On 22 June 2017 he was appointed Polish Ambassador to the Netherlands. On 12 September he presented his credentials to king Willem-Alexander of the Netherlands. He has also been accredited to the Organisation for the Prohibition of Chemical Weapons. He ended his term on 31 May 2022. On 14 February 2022 he started his 5-year term as a Secretary-General of the Permanent Court of Arbitration, the Hague.

== Works ==

- Autonomia woli w prawie prywatnym międzynarodowym Unii Europejskiej (Party autonomy in the EU Private International Law), Warszawa: Poltext, 2015, ISBN 978-83-7561-518-0.
- Międzynarodowe prawo zobowiązań Unii Europejskiej. Komentarz do rozporządzeń rzymskich (International Law of Obligations of the European Union.

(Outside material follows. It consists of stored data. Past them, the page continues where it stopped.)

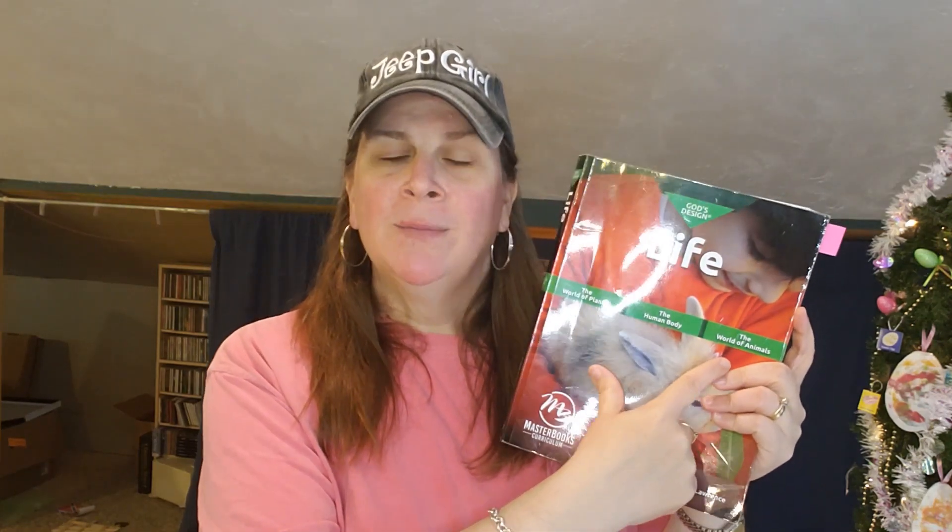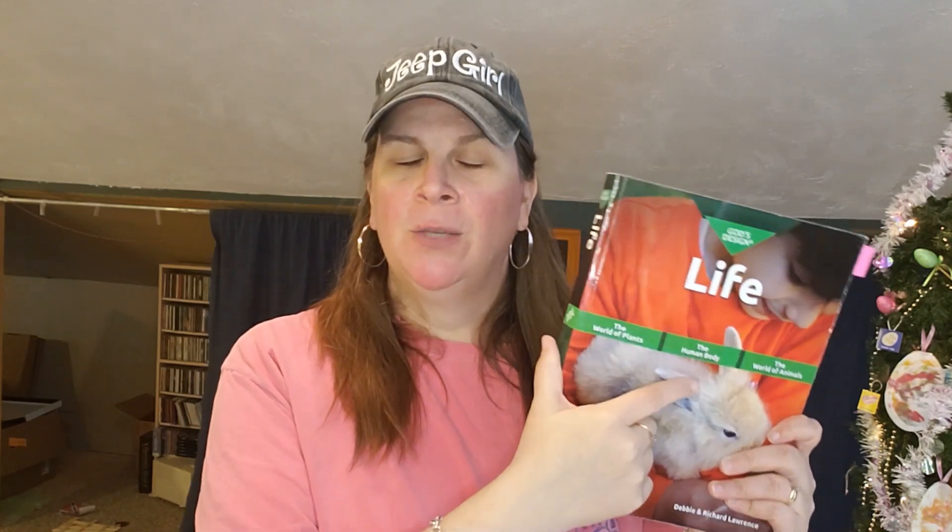Today we're going to talk about Masterbooks God's Design for Life. It is separated into three sections, but we only did two — the World of Plants and the Human Body. We did not do the World of Animals because my daughter had already done quite a bit with animals last year. I'll link a video about that. These different sections can be done in any order, and we did the World of Plants first, then the Human Body second.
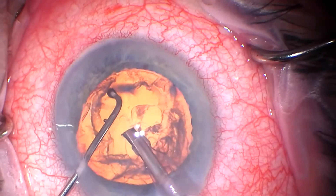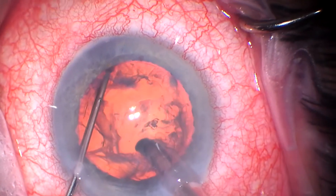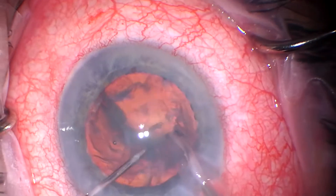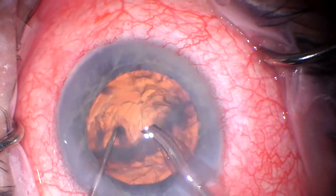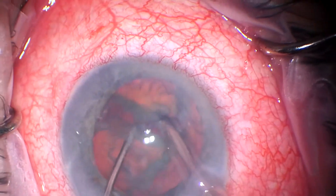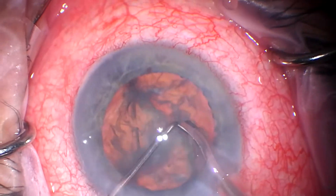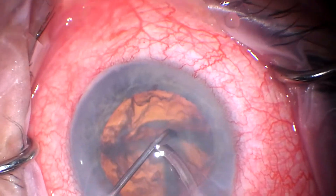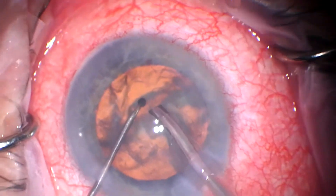And I thought that looked good, so here we'll do a horizontal chop phaco. I suppose it may be noteworthy that I do the Hydrus kind of in the middle of the cataract procedure. People talk about whether you do it at the beginning or at the end, and I like to do it in the middle. I find that there's a good balance of maintaining a good view and completing some of the critical steps of the phaco before the implantation.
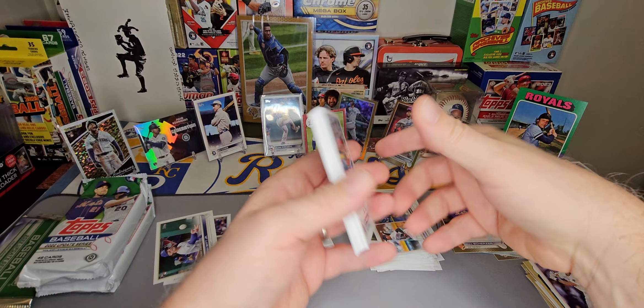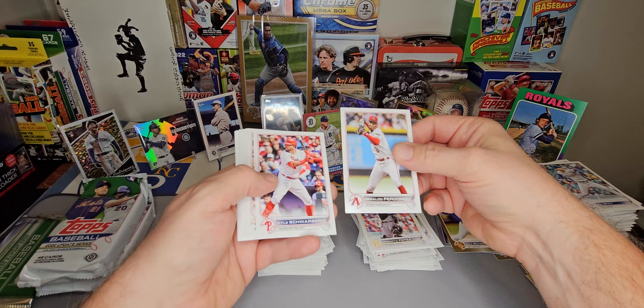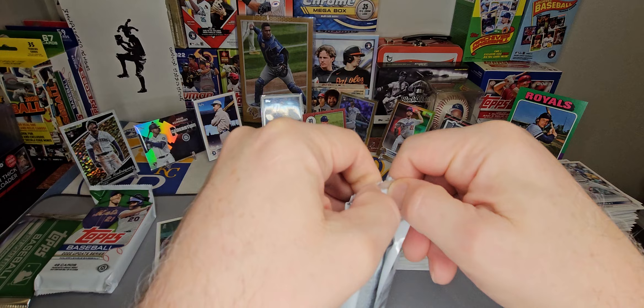Mookie Betts and Ted Williams — how about that? There's our auto. Pinto, Pinto, Perdomo. There's our Spencer Torkelson rookie. Bryson Stott debut, Brandon Marsh debut, and Bautista rookie. Two packs to go.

Commentary on the Rome Regulations), Warszawa: LexisNexis, 2012, ISBN 978-83-7806-492-3.
- Umowa międzynarodowa jako źródło prawa prywatnego międzynarodowego, Warszawa: Wolters Kluwer Polska, 2008, ISBN 978-83-7526-469-2.
- Stosunki majątkowe między małżonkami w prawie prywatnym międzynarodowym, Kraków: Krakowskie Towarzystwo Edukacyjne, 2004.